It was a beautiful summer morning as Pat and I, plus 10 other riders, left headquarters to gather the herd for branding. The sun was cresting the horizon, and the lead horses were kicking up a little dust that turned golden in the waking light. There was the usual banter back and forth between neighbors over whose horse was the worst behaved that morning. One rider even pulled away from the crew and spun his horse in a circle a couple of times to show him who was boss. Meanwhile, our resident ranch dog, Odie, the blue heeler, was peddling right beside Pat’s horse, anxious to go to work.

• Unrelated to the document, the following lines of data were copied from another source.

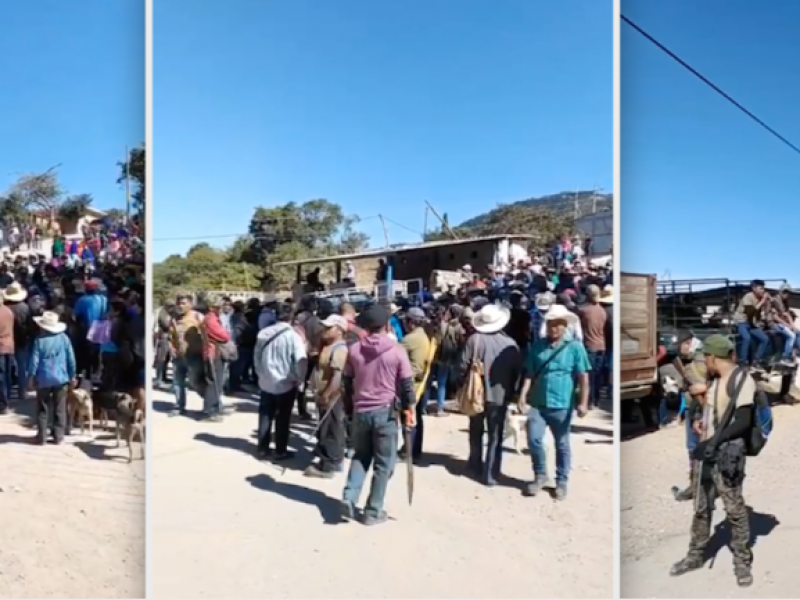 Más de 800 personas bloquean carretera, exigen seguridad en Chilapa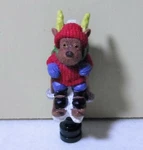 Giftco Polystone Lamp Ornament Skiing Moose Finial #3109. Fixed Price $5.99.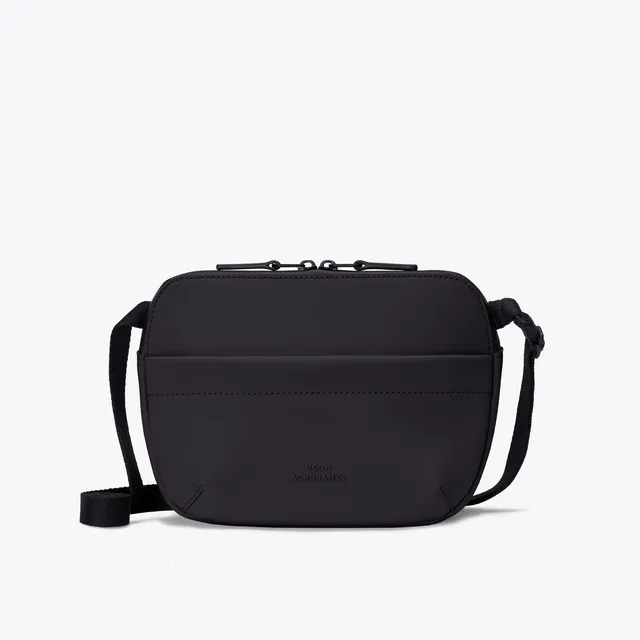 Ucon Acrobatics Melvin crossbody svart medium slitesterk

The ranch road we were following had washed out over the years going down into a wide ravine. There were three sets of tracks in and out of the ravine, created while trying to avoid high centering the feed truck in the deepening ruts. As we trotted up to the gulley, our horses suddenly got humpy and two started jumping sideways. One rider began frantically hauling on the reins trying to get his horse’s head up. Another cowboy grabbed for the saddle horn as his trusty steed hunkered, spun a hundred-eighty degrees with all four feet off the ground and launched for headquarters. Cowboys and horses were scattering like quail and nobody knew why.
Then someone spotted the snake.
After some consternation, cussing and cajoling, all the horses with riders mostly attached were nervously gathered some distance from the source of the trouble. Pat handed his reins to the nearest neighbor and unlashed his lariat from the saddle. Snugging the loop into a hard knot half the size of a man’s hand, Pat cautiously approached the snake. The rattlesnake decided this looked like trouble, so he began rapidly slithering down one of the tire ruts toward the bottom of the gulch.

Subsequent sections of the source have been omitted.